■ Material provided
::::::

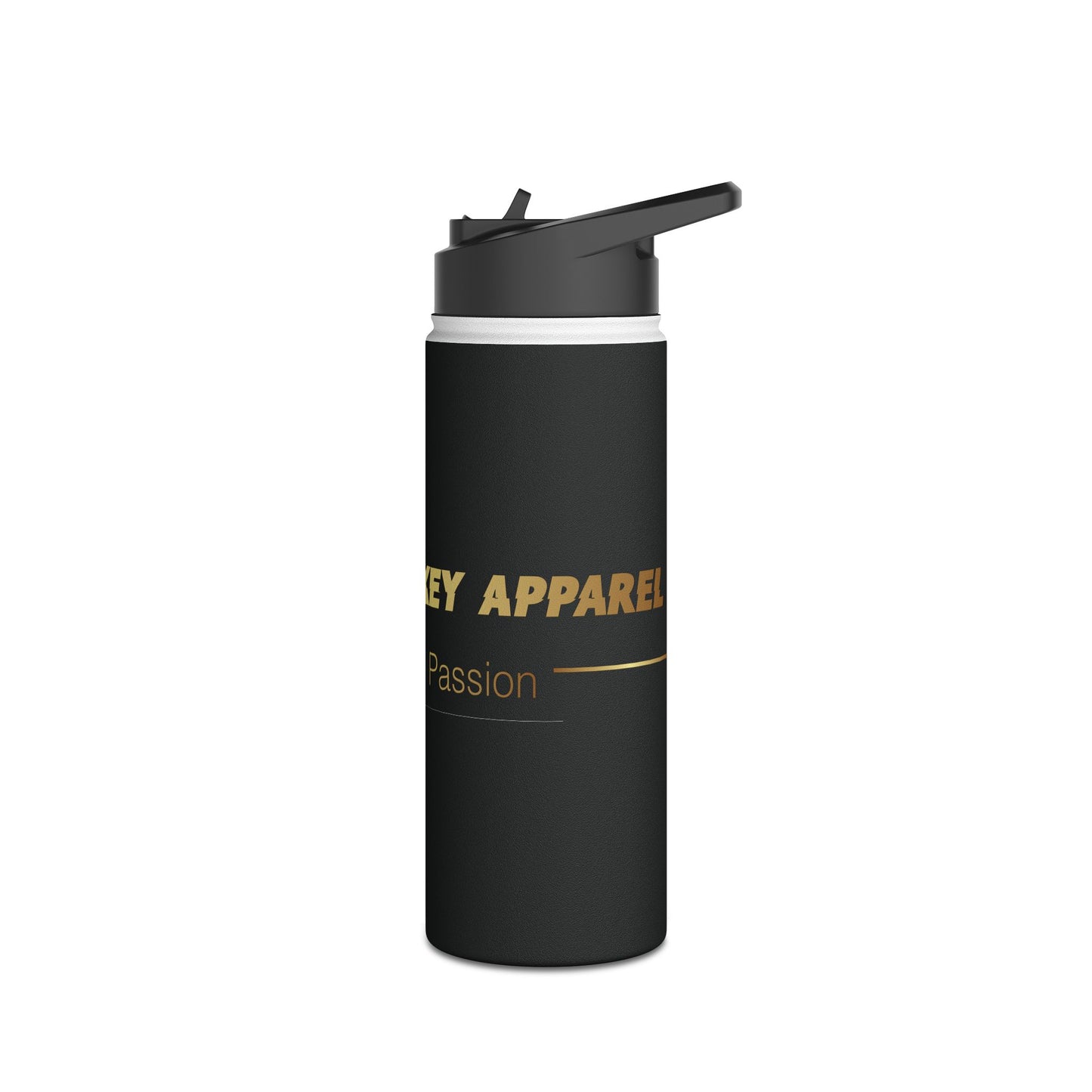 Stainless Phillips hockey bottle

::::::

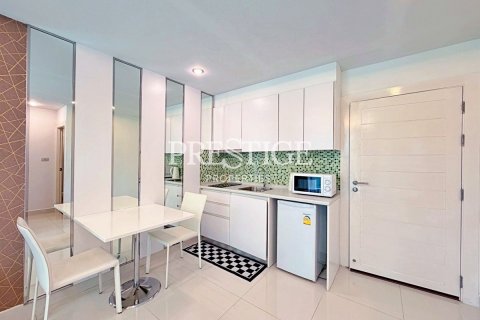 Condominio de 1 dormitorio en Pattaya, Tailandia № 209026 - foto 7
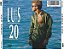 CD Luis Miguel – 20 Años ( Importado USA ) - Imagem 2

::::::

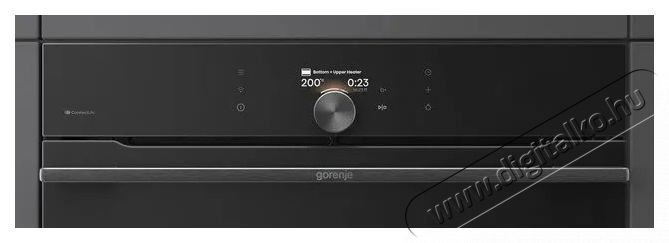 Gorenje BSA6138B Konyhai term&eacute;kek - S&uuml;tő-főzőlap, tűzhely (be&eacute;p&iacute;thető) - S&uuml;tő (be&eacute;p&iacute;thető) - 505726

::::::

■ Instructions for the task
Respond with the exact lines above running from the one containing "Condominio de 1" to the one containing "CD Luis Miguel", both ends kept and no pictures included.

■ Exercise response
 Condominio de 1 dormitorio en Pattaya, Tailandia № 209026 - foto 7
 CD Luis Miguel – 20 Años ( Importado USA ) - Imagem 2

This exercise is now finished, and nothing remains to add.